#### Problem to solve
All entries below need to be written out exactly, but without their pictures.

Short descriptive text snippets:
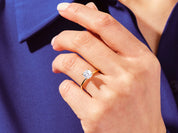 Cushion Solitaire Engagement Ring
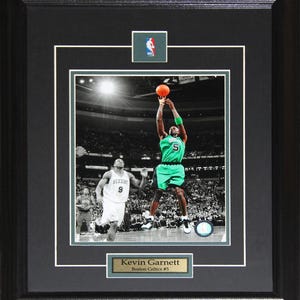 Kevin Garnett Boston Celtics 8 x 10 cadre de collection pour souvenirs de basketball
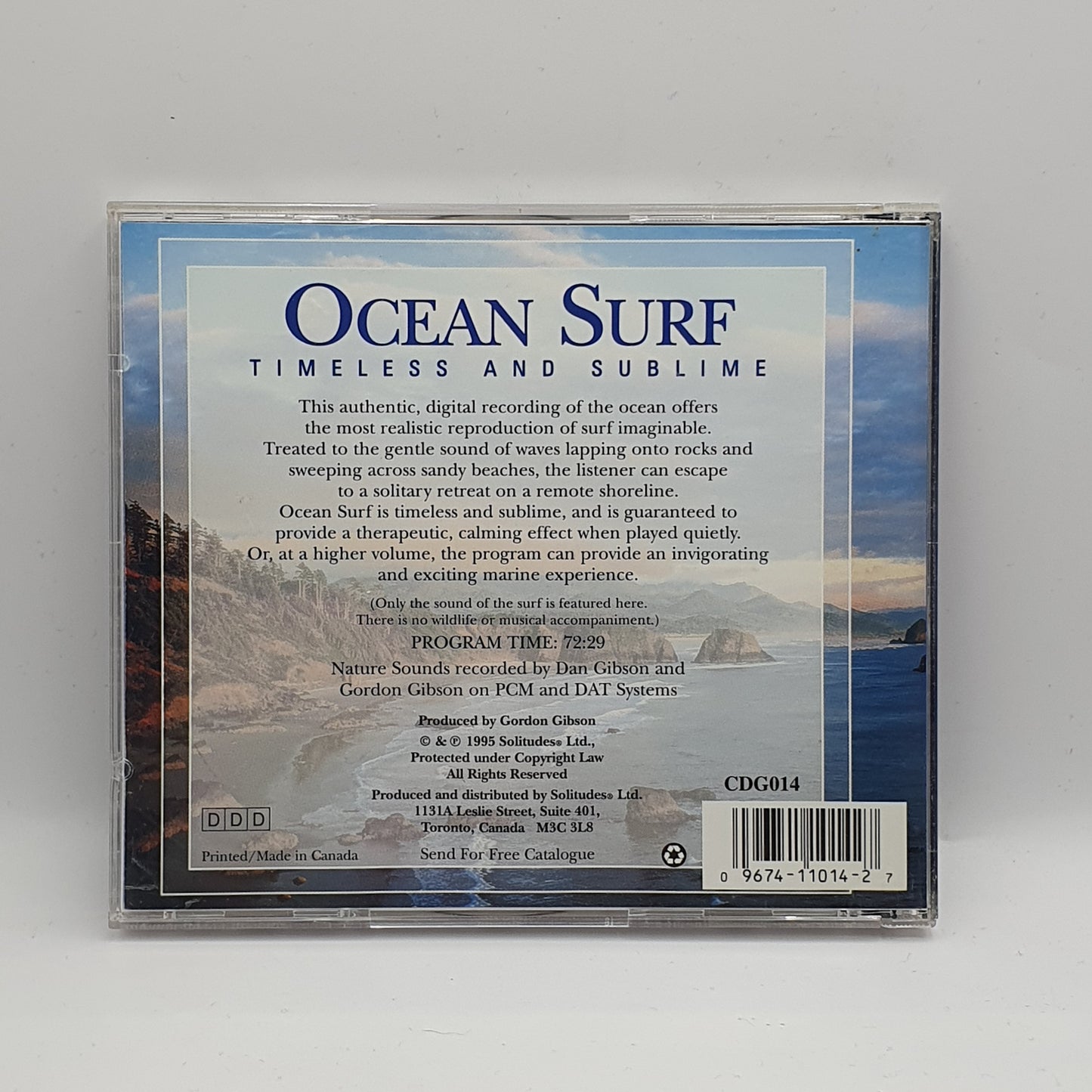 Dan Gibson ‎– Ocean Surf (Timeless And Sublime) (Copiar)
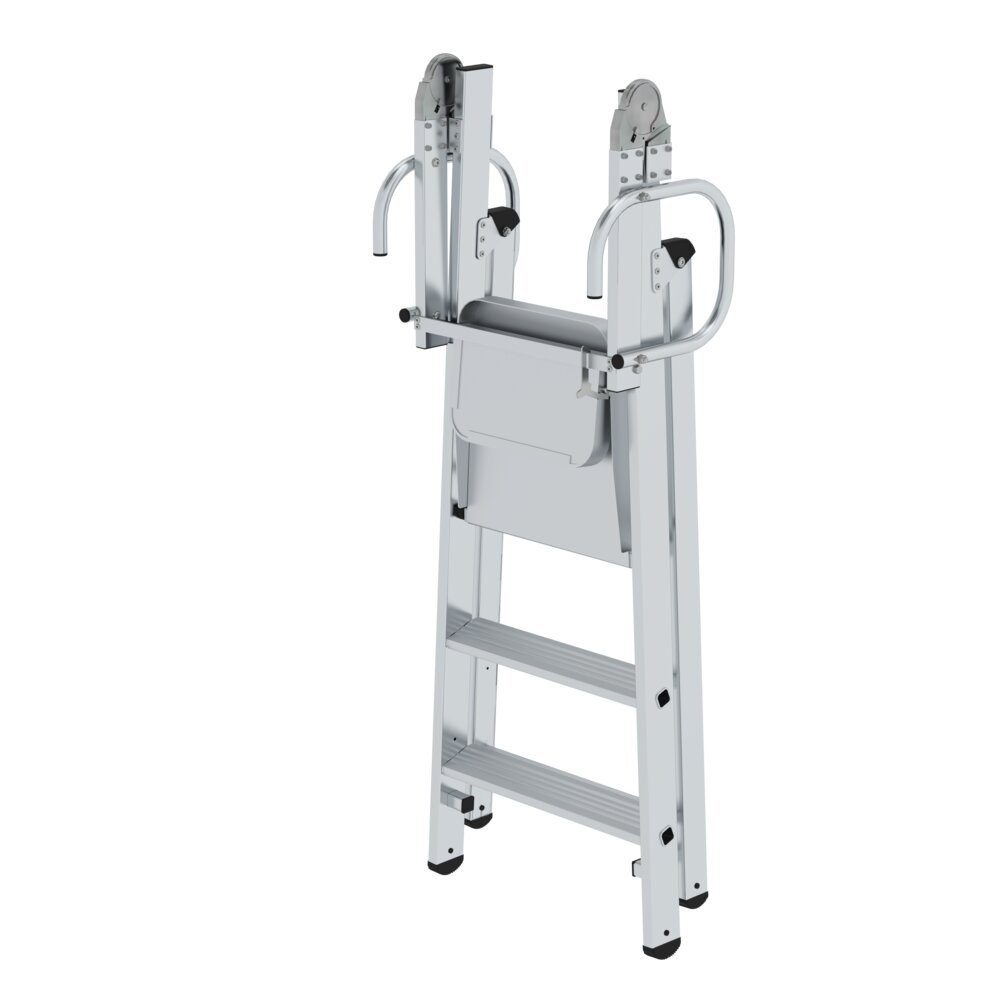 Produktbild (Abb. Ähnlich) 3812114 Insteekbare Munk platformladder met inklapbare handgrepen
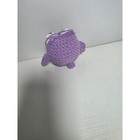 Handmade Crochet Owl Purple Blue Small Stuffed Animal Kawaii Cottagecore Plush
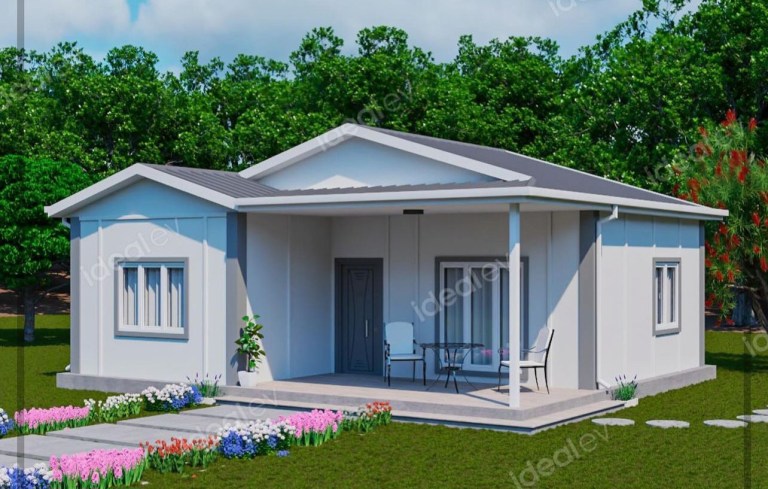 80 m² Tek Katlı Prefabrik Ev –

#### Task output
 Cushion Solitaire Engagement Ring
 Kevin Garnett Boston Celtics 8 x 10 cadre de collection pour souvenirs de basketball
 Dan Gibson ‎– Ocean Surf (Timeless And Sublime) (Copiar)
 Produktbild (Abb. Ähnlich) 3812114 Insteekbare Munk platformladder met inklapbare handgrepen
 Handmade Crochet Owl Purple Blue Small Stuffed Animal Kawaii Cottagecore Plush
 80 m² Tek Katlı Prefabrik Ev –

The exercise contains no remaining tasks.